1
0
mirror of https://github.com/kirsle/kirsle.net synced 2025-01-04 05:09:29 +00:00
kirsle.net/www/wiki/Unicode-Problems.md

57 lines
4.3 KiB
Markdown
Raw Normal View History

# Unicode Problems
A collection of problems I've discovered with [Unicode](https://en.wikipedia.org/wiki/Unicode). Many of these came up in the context of RiveScript (my chatbot scripting language), because people wanna be able to support foreign language chatbots and RiveScript wasn't originally designed with that in mind and UTF-8 support was added later and these are some of the problems encountered.
tl;dr. of some problems:
* [You can't just do `toUppercase()` or `toLowercase()` without risking losing information](#case-folding)
* [Regular expressions are more complicated](#regular-expressions)
* [String equality comparisons are more complicated](#unicode-normalization)
Bug tickets concerning Unicode problems in RiveScript:
* [JavaScript](https://github.com/aichaos/rivescript-js/issues?utf8=%E2%9C%93&q=label%3Aunicode)
* [Python](https://github.com/aichaos/rivescript-python/issues?utf8=%E2%9C%93&q=label%3Aunicode)
* [Perl](https://github.com/aichaos/rivescript-perl/issues?utf8=%E2%9C%93&q=label%3Aunicode)
## Case folding
Some Unicode characters, when made upper- or lowercase, actually transform entirely into separate characters (sometimes multiple separate characters). When reversing the operation, you don't get the original text back as what you started with.
Example: the German symbol `ß`, when made uppercase, becomes two ASCII letters `SS`, which then become two ASCII letters `ss` when made lowercased again:
```javascript
"ß".toUpperCase().toLowerCase() !== "ß";
```
Example: in Turkish, the lowercase letter `i` when uppercased becomes a capital dotted letter `İ`, and when lowercased again becomes a dotless lowercase letter `ı`. This is only the case of your system locale is set to Turkish; if your system locale is English for example `i` becomes `I` becomes `i` again.
```javascript
// Works in English but not in Turkish, exact same code
"i".toUpperCase().toLowerCase() === "i";
```
For this reason I've never updated RiveScript to force-lowercase your triggers. People hated writing a lowercase word `i` for English triggers, but case folding can be a real problem.

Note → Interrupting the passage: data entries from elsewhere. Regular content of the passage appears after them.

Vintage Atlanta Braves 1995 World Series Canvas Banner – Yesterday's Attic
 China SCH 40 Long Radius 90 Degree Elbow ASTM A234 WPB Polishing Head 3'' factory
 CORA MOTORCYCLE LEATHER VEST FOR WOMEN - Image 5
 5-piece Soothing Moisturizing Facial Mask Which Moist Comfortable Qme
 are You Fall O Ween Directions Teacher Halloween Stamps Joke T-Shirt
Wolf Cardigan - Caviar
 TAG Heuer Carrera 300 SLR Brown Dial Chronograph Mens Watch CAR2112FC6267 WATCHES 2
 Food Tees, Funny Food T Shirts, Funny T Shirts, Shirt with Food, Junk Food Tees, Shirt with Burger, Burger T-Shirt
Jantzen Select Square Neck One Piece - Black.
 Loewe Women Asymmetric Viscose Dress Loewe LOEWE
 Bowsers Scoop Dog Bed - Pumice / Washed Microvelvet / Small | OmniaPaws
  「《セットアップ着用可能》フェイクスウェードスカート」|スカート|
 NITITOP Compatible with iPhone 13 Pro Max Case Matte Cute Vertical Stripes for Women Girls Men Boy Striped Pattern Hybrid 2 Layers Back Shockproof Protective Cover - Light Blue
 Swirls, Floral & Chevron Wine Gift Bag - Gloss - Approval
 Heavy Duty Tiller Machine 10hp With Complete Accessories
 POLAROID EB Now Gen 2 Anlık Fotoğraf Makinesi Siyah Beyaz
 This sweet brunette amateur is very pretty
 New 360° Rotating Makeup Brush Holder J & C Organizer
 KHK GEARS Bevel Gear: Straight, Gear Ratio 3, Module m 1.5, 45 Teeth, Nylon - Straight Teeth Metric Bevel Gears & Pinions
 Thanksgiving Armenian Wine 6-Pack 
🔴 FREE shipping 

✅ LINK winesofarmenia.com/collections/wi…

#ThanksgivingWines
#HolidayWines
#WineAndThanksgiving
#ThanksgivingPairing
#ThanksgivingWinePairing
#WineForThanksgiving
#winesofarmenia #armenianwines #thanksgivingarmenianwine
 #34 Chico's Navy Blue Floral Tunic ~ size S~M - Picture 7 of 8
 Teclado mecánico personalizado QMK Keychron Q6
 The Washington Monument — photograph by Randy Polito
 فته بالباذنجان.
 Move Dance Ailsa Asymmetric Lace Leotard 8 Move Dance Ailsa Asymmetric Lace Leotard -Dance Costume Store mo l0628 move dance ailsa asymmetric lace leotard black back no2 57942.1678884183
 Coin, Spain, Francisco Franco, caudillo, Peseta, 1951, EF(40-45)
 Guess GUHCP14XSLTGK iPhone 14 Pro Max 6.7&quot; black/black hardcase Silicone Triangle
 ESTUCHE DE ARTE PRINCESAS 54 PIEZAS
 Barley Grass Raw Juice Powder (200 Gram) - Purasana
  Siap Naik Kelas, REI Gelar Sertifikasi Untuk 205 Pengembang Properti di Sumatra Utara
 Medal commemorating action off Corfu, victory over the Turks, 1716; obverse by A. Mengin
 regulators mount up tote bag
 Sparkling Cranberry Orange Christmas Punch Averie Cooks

[Case folding on W3.org](https://www.w3.org/International/wiki/Case_folding)
## Regular Expressions
Unicode makes dealing with regular expressions more difficult. If you ever found yourself writing a character class like `[A-Za-z0-9]`, this will not work if you expect Unicode. Neither will `\w` or `\W` depending on your programming language of choice.
If you want to make a regexp that matches, say, "letters but not numbers", you can't take a whitelist approach of only matching letters because there's too damn many of them. Instead you have to take a blacklist approach, and use a regexp like `[^0-9]` which will probably work in a lot of cases until somebody starts getting fancy foreign numeric symbols involved, and then the `[0-9]` character class won't work either.
In JavaScript land, regular expressions have trouble in Unicode for many reasons until ES2015 when they added the `/u` flag. Before that, the `.` metacharacter only matches characters in the BMP plane, but not astral characters, and `/u` makes it match astral characters. But, there's still a problem with using the `\b` word-boundary metacharacter, which still deals only with the boundaries between `[A-Za-z0-9]` and spaces and will break with Unicode symbols, even those in the BMP plane. [Unicode-aware regular expressions in ES6](https://mathiasbynens.be/notes/es6-unicode-regex).
Examples (GitHub Issues):
* [UTF-8 and Optionals](https://github.com/aichaos/rivescript-python/issues/37) (Python) - The `\b` word boundary doesn't work with some Unicode symbols.
* [regex doesnt work for UTF8](https://github.com/aichaos/rivescript-js/issues/147) (JavaScript) - The `\b` doesn't work with non-ASCII, and even using Unicode-aware regexps from ES2015+ doesn't change this behavior.
## Unicode Normalization
You can have multiple binary representations of exactly the same string of characters in Unicode.
For example, the accented letter `é` can be represented as either U00E9 Unicode accented letter é, or a combination of two characters, ASCII letter `e` and combining accent mark. Visually the two characters are exactly the same, but a string equality comparison would fail.
Fortunately there are Unicode normalization libraries available for most popular programming languages.